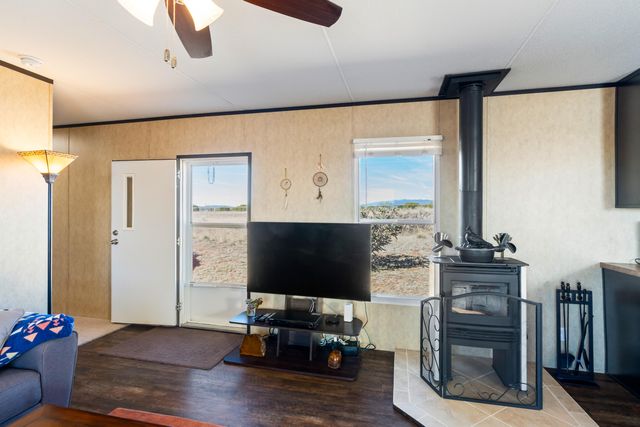 78 Drake Road, Edgewood, NM 87015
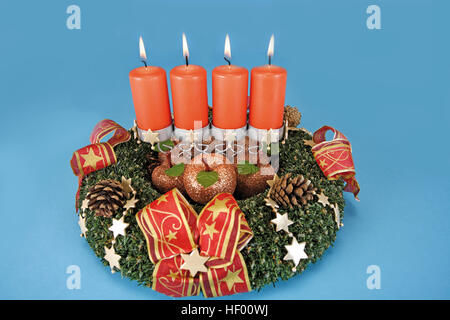 Quattro candele su un avvento wreat Foto Stock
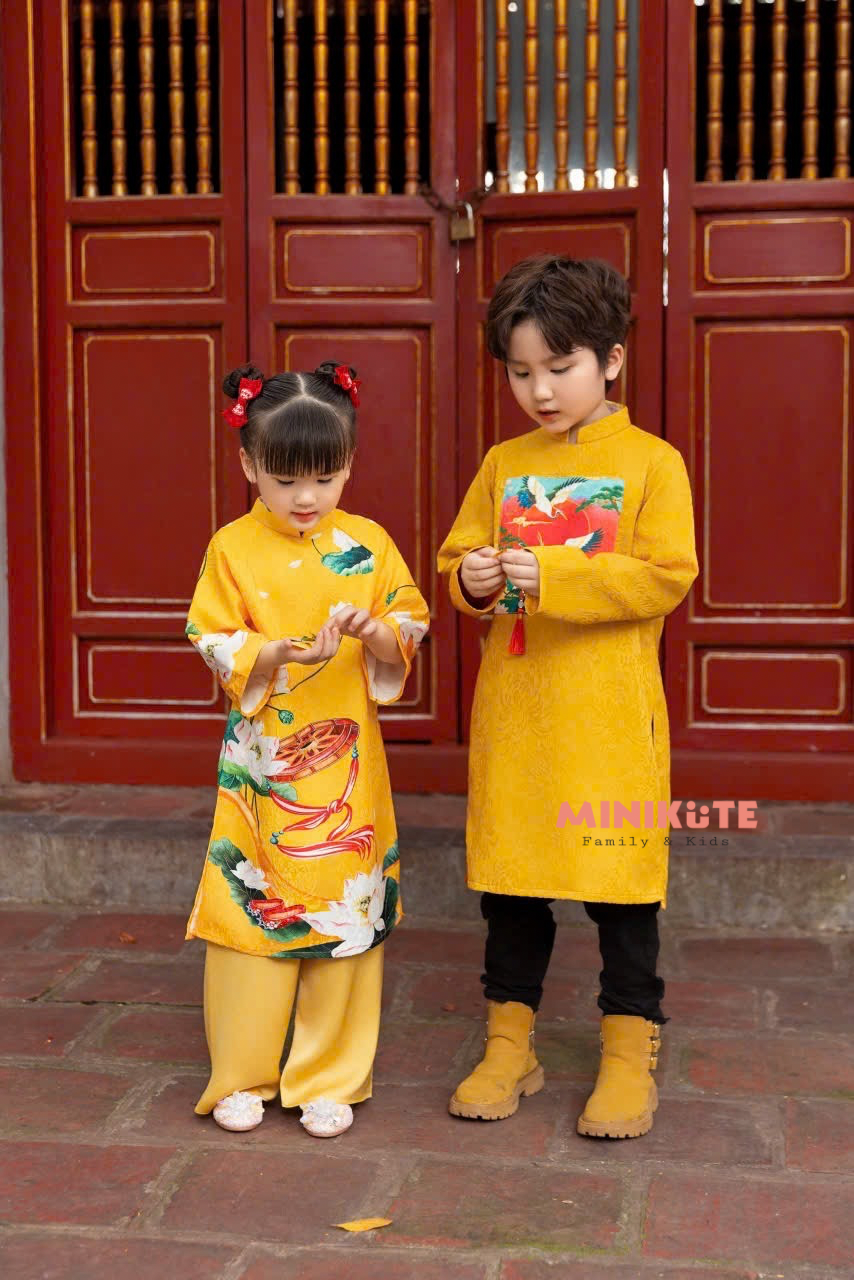 Áo Dài Gia Đình Cát Tường- Vàng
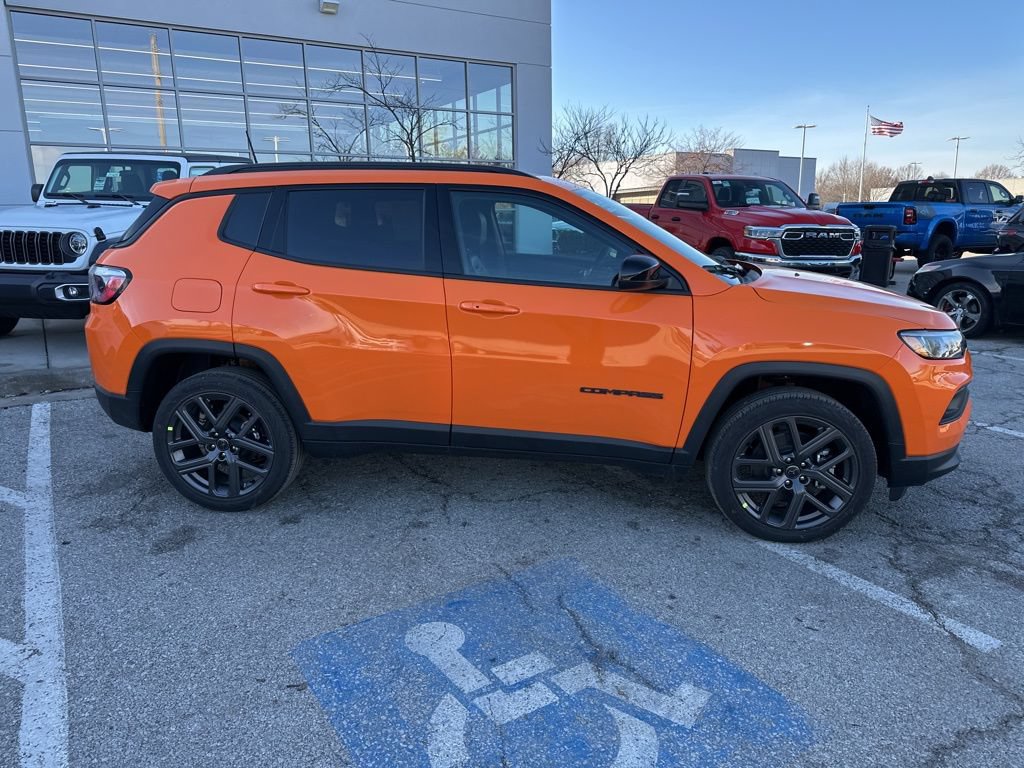 New 2026 Jeep Compass Latitude AWD/4WD image 35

§ WHAT TO PRODUCE
Set down the material above word for word and skip its pictures.

§ RESULT
 78 Drake Road, Edgewood, NM 87015
 Quattro candele su un avvento wreat Foto Stock
 Áo Dài Gia Đình Cát Tường- Vàng
 New 2026 Jeep Compass Latitude AWD/4WD image 35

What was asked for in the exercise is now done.